5.2. Correlation Analysis

Correlation analysis functionality of GTSDA helps to understand if there is statistical dependency in the data. The tool computes correlation scores between inputs and outputs. Also it uses statistical tests to decide if correlations are significant. The analysis is performed on base of data sample (also known as training data (or just sample)).

5.2.1. Introduction

This functionality of GTSDA allows to check if dependency between inputs \(x\) and outputs \(y\) exists. More specifically it computes correlation score and corresponding p-value (see Testing for significance) for each pair of input feature and output. If user set \(y\) to \(None\), the result will return cross-correlation of \(x\).

  • correlation score is the number in range between \(-1\) and \(1\), where \(0\) value means that output does not depend on considered input feature, and \(\pm 1\) value means that output is a deterministic function of considered input. Also ‘\(+\)’ sign of correlation says that output value tends to increase if input value increases, while ‘\(-\)’ sign tells the opposite.
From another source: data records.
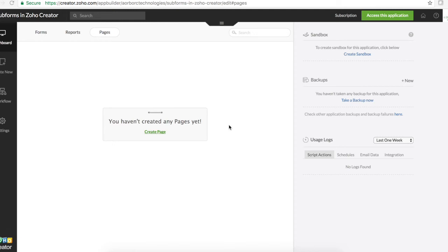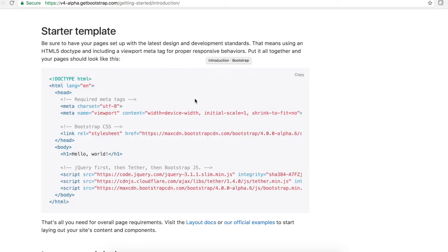Hello everyone. In this video I'm going to explain how to create pages in Zoho Creator. These are different from the default record summaries in Zoho Creator. Before we proceed, it is suggested that you go through the basic HTML syntaxes, how to add a stylesheet to an HTML page, and similar topics. I'm also going to be using the Bootstrap framework — Bootstrap 4 — in this tutorial.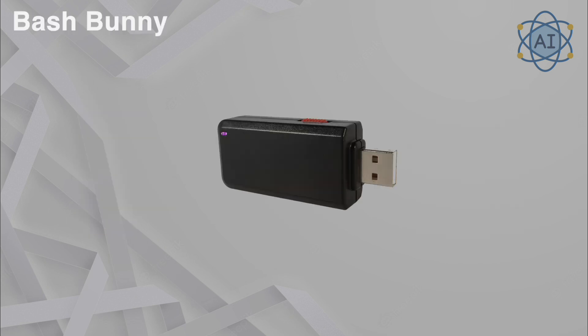Bash Bunny, a multi-functional USB attack tool. The Bash Bunny is designed for advanced payload delivery. With the ability to emulate USB devices, it can deliver malware, steal data, or execute pre-programmed commands. Penetration testers use it to simulate complex attacks and educate organizations on the risks of leaving USB ports exposed.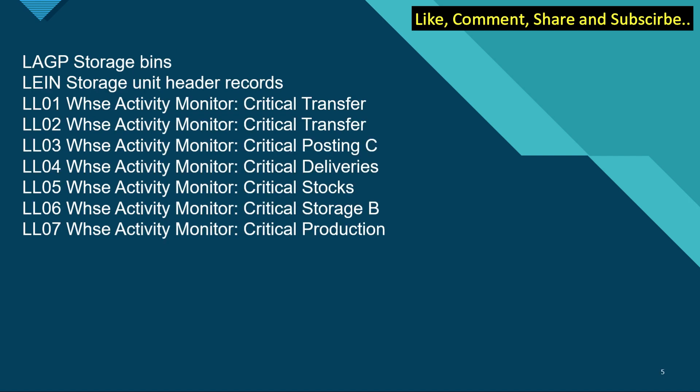The last set of tables is LAGP for storage bins. Again, a very important master data table. LEIN is the storage unit header records. Then we have LL01, 2, 3, 4, 5, 6, and 7 wherein we are able to see the warehouse activity monitor for critical transfers, critical postings, critical deliveries, critical stocks, and critical production.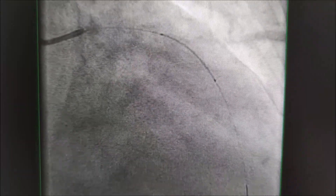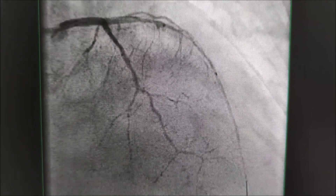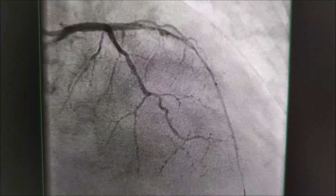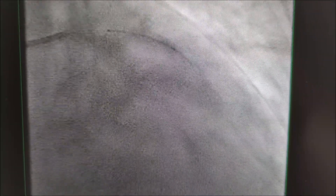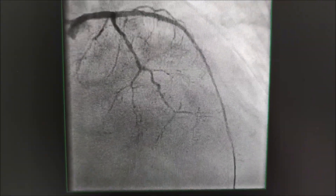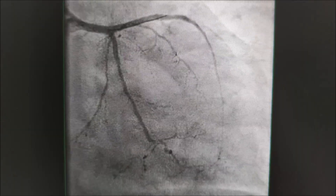Therefore we performed PCI of the medial part of the LAD with one long stent. After that we implanted another stent with some overlap to the proximal part. Finally, we optimized the proximal part of the stent with a non-compliant balloon. This is the final result.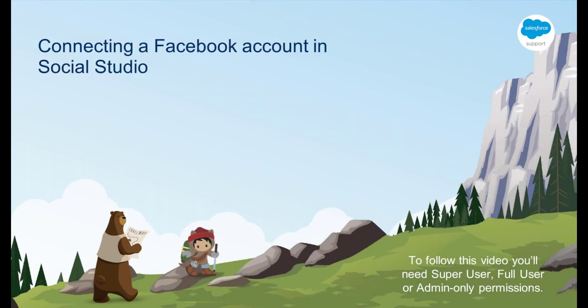Hello, and thank you for joining this quick getting started video brought to you by Salesforce support. In this video, we are going to learn how to add a managed Facebook account to Social Studio.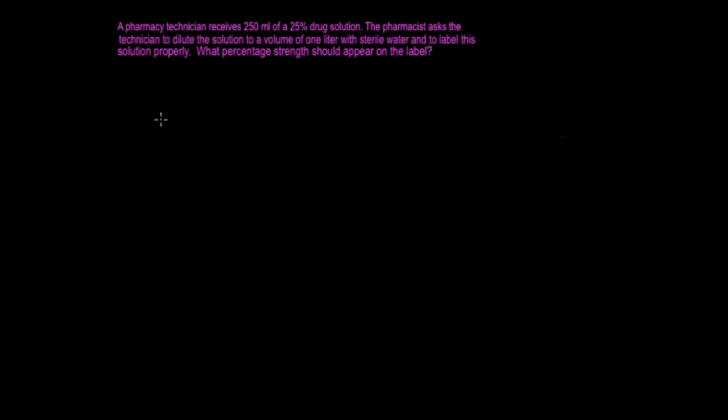This is just another example of a dilution. A pharmacy technician receives 250 milliliters of a 25% drug solution. The pharmacist asks the technician to dilute the solution to a volume of 1 liter with sterile water and to label the solution. What percent strength should appear on the label?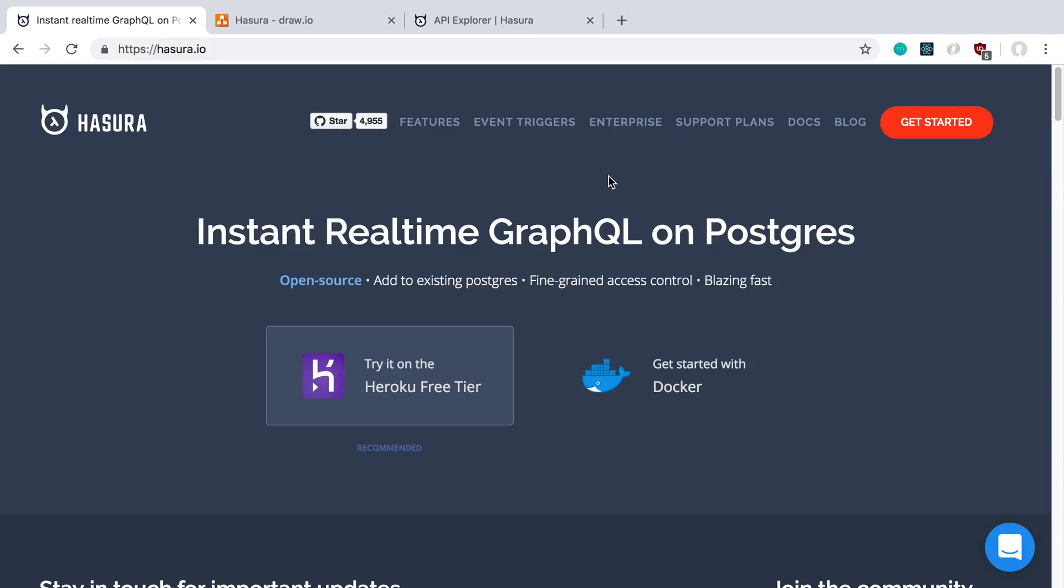Hasura is something I actually never considered using until recently when I was talking to the founder and he gave me some ideas of how to use it. And if you haven't used it before, what it is, is it's a similar tool to PostGraphile where it takes your Postgres database and turns it into a GraphQL API. But it actually functions in a very different way, which we're going to see in a second. And I gave it a try, and there's two things that I immediately really liked about it.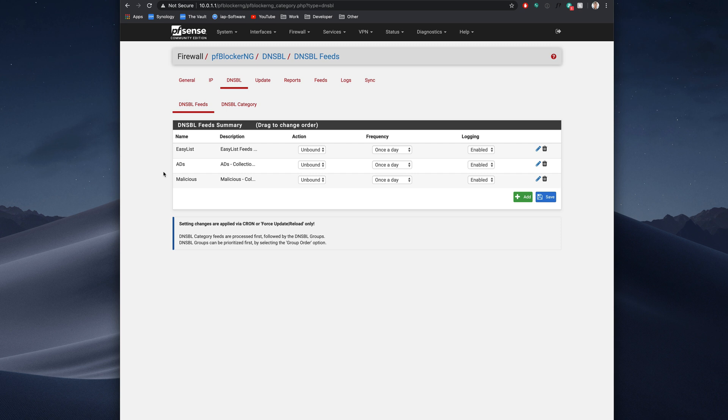And I found for the most part, it does a fairly decent job on desktop computers of blocking ads without any sort of ad block extension. But it does still let some through, including YouTube ads.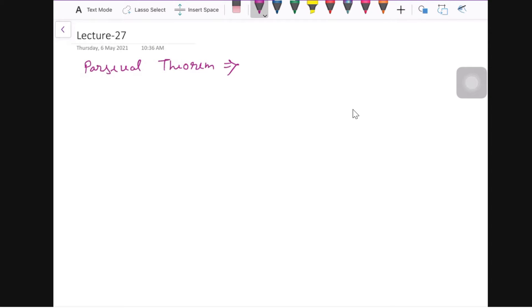This is lecture 27 and in this lecture we are going to discuss about the Parseval theorem.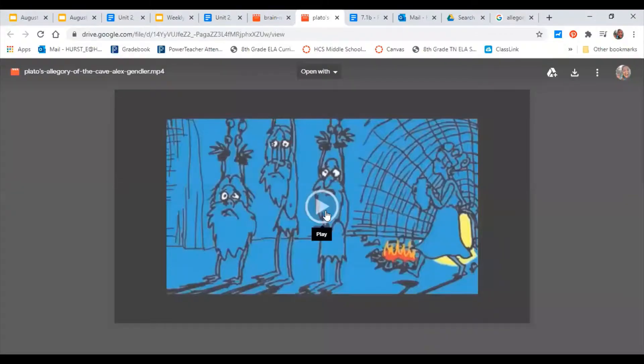So Plato was a philosopher a long time ago and he wrote this story called the Allegory of the Cave, and it is really about perspective. So we're gonna watch it, and periodically I'm going to stop it and ask questions that I want you guys to write answers to. Okay, all right, so I'm gonna get started.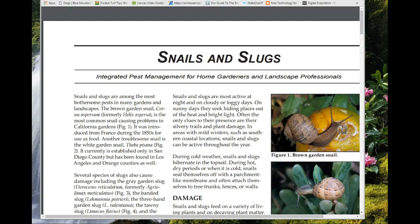We're going to look at slugs and snails. This is an extension bulletin from the University of California, copied from their integrated pest management program. I bring this up because slugs are a big problem in a lot of different areas. With our climate here, we have some but not like what you have on the west side.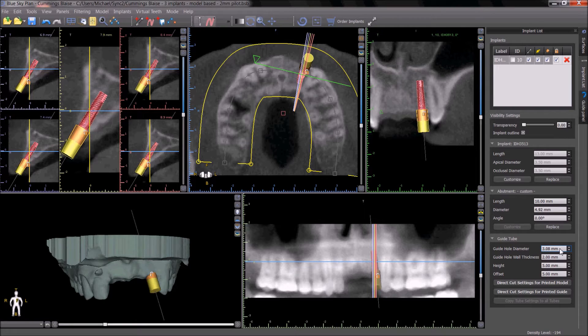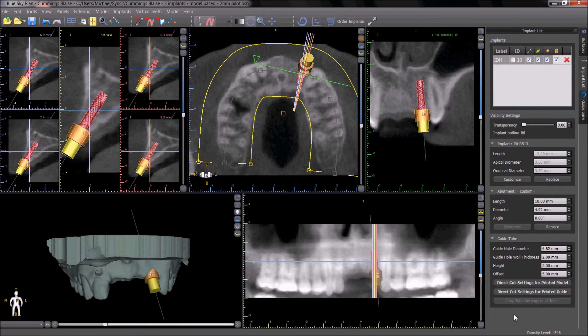In this situation, the guide hole diameter should be set to 4.82. These changes should be made to all the implants and guide holes in the case.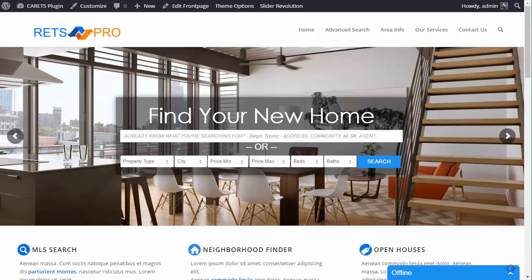Hello, welcome to another RETS Pro video. This video is going to cover the listing field zones, which are basically the listing zone sections on your listing detail page.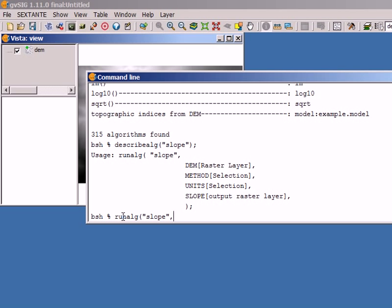I have to execute the 'runalg' command. The first parameter is 'slope', the second is a digital elevation model — I have one DEM open in my GIS called 'dem'. If you want to check the input layers available, you can run the 'data' command as we saw in the previous video. Then the second parameter is a selection — a list of options — and I have to enter the number corresponding to the option I want.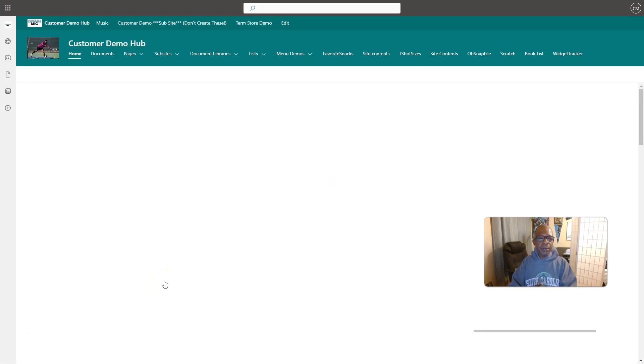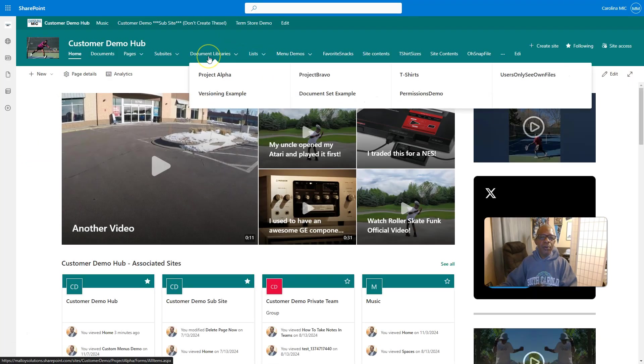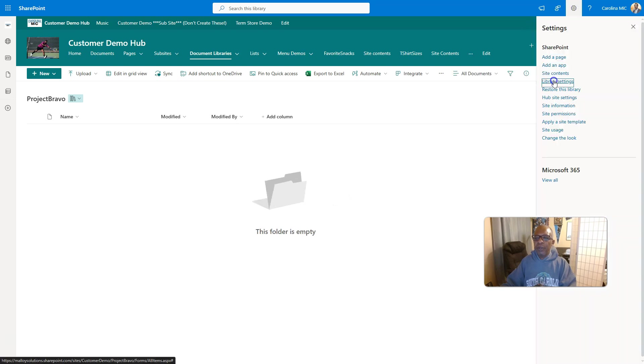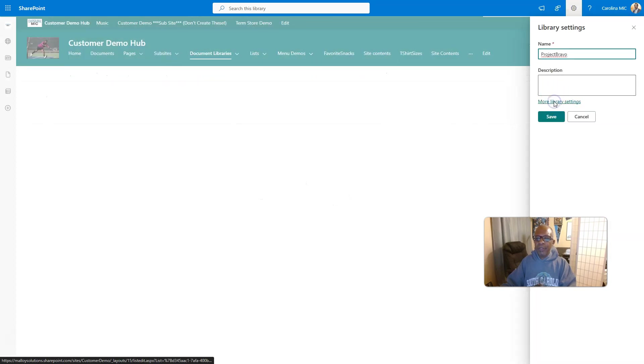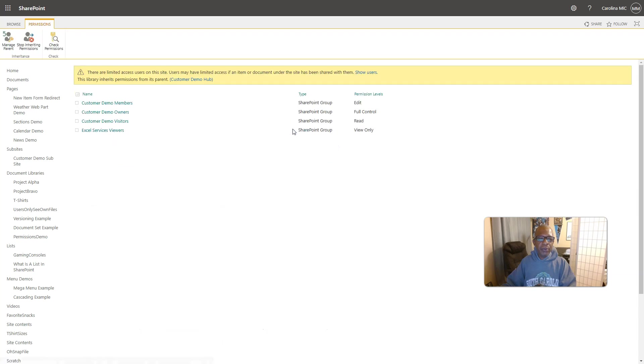Okay. So, we're going to bounce back. And we're going to go to Project Bravo. We're going to fix that one up here. So, we're going to go to Project Bravo. Go to Library Settings. More Library Settings. We're going to Permissions.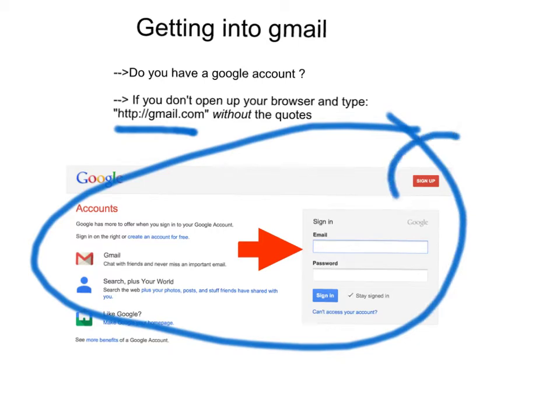First, click on Sign Up, and this will allow you to create a Gmail account.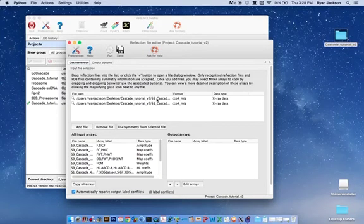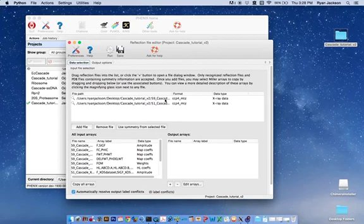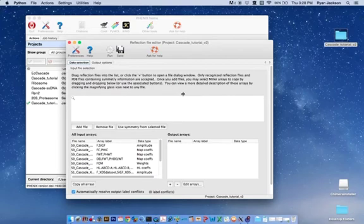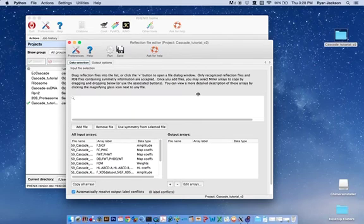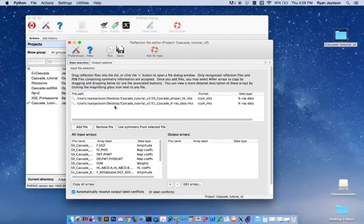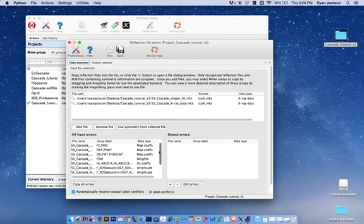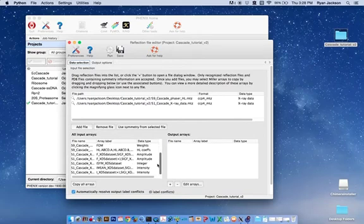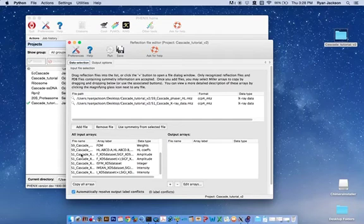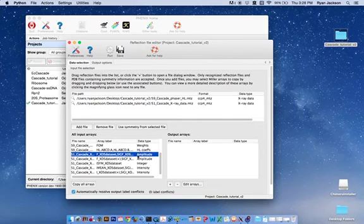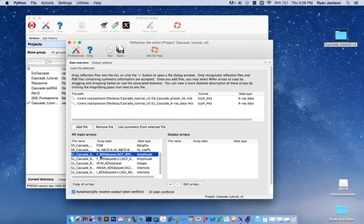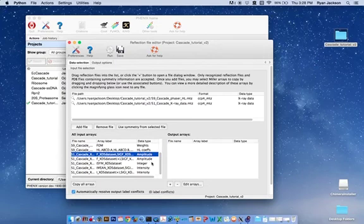Now we have low-resolution phases from our phaser solution with Hendrickson-Lattman coefficients and our high-resolution x-ray data. We need to merge these together. First thing to make sure we select correctly is the array in the x-ray data that is associated with the high-resolution amplitudes. In this case, I processed this data with XDS and XDS aimless, so my array is this F-XDS data set. I'm going to add that.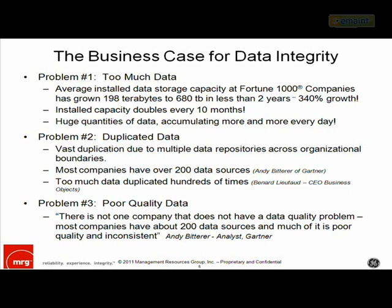Problem number two is what I call duplicated data. Many studies and articles have cited the problem of having multiple sources of information — particularly the same data — housed in different systems that don't always agree with each other. The vast duplication of data arises because information is housed in various applications, repositories, and data warehouses, especially when looking across the enterprise rather than in one single plant.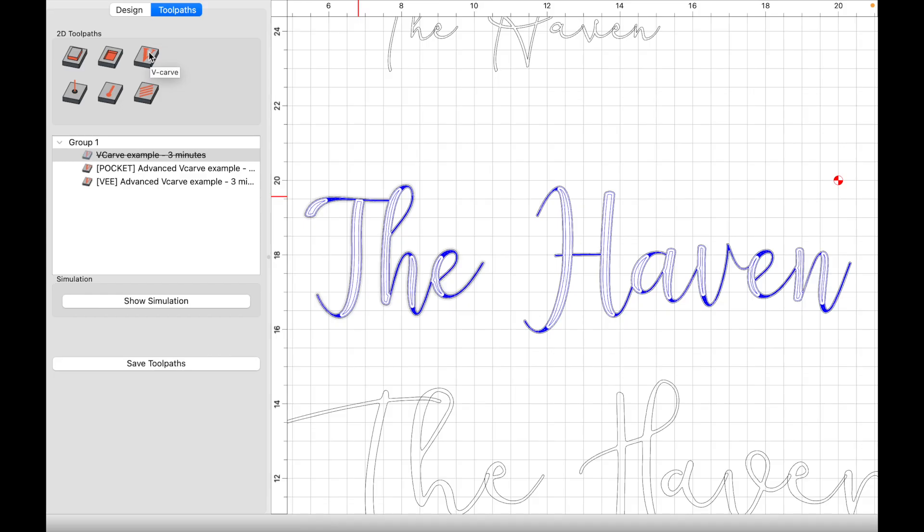But hey, I don't know. I don't make those decisions. Alright guys, so that's going to do it for this video. I hope you guys enjoyed it. I hope it helps, and this is how you set up a v-carve and an advanced v-carve toolpath in the latest version of Carbide Create.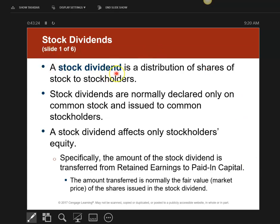Now we're going to talk about stock dividends. Stock dividends is where I'll actually give you more shares of stock. You don't get cash, but you can actually get more shares of stock. And if I send you a stock dividend, you do not have to report it on your taxes until you actually sell that stock.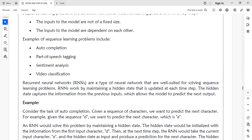Recurrent neural networks are a type of neural network well suited for solving sequential learning problems. RNNs work by maintaining a hidden state that is updated at each time step. The hidden state captures information from previous inputs, which allows the model to predict the next output.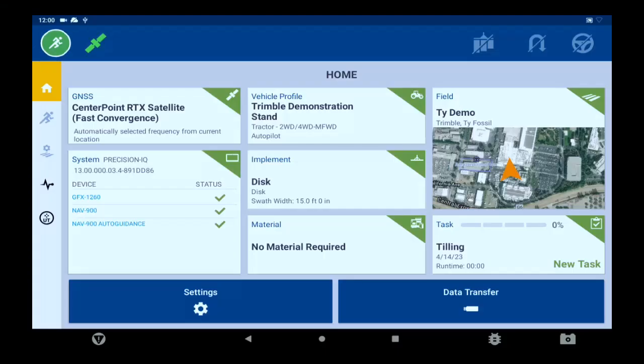Today we will be getting an overview of the run screen inside of PIQ. To start, we get to the run screen by pressing the running man circled in green in the top left corner.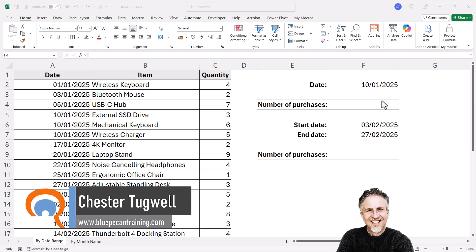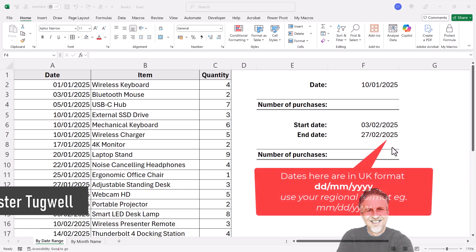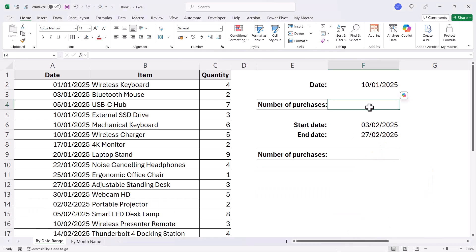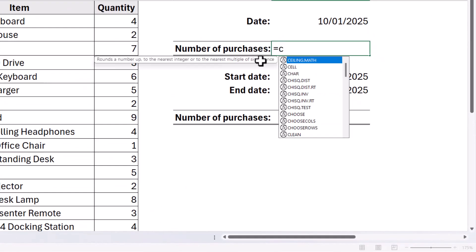We'll start with a single date and then the second example will involve this date range. So we're counting the number of purchases in this database, first of all for the 10th of January 2025.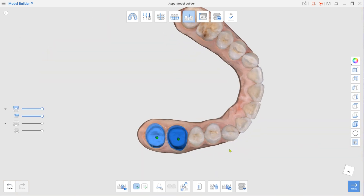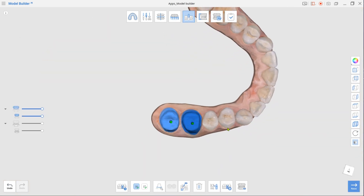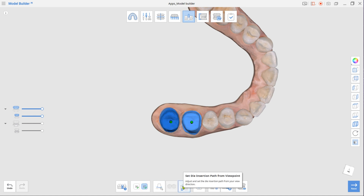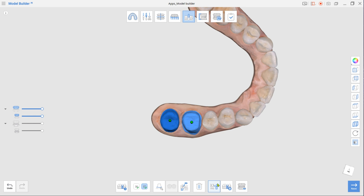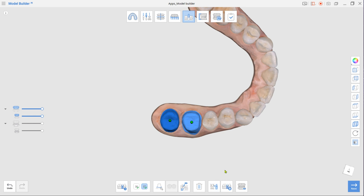Rotate the model so that your view direction would match the die insertion path and click Set Die Insertion Path from Viewpoint. Repeat this process for each die. To create additional dies, make sure the Extra Dies option is selected in the toolbox.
Note, correlations that detect general form of dependency doesn’t not return sign.
  • p-value is the probability that obtained correlation score appeared on given sample while output does not depend on considered input in reality, i.e. the true value is 0 and observed value appeared by luck. So the smaller p-value is the more likely that correlation do exist. Usually p-value \(0.05\) (i.e. \(5\%\) probability) is considered to be small enough to be sure that correlation is significant.

Example of usage:

analyzer = gtsda.Analyzer()
checkResult = analyzer.check(x=x, y=y, options={})

Input parameters are:

  • training sample
  • (optional) control variables for partial correlation (if not defined all inputs except considered one are taken as control variables for the input)
  • GTSDA options (optional)

The output parameters are:

  • correlation scores
  • corresponding p-values
  • decisions about statistical significance of scores

The GTSDA options are described in detail in section Option Reference.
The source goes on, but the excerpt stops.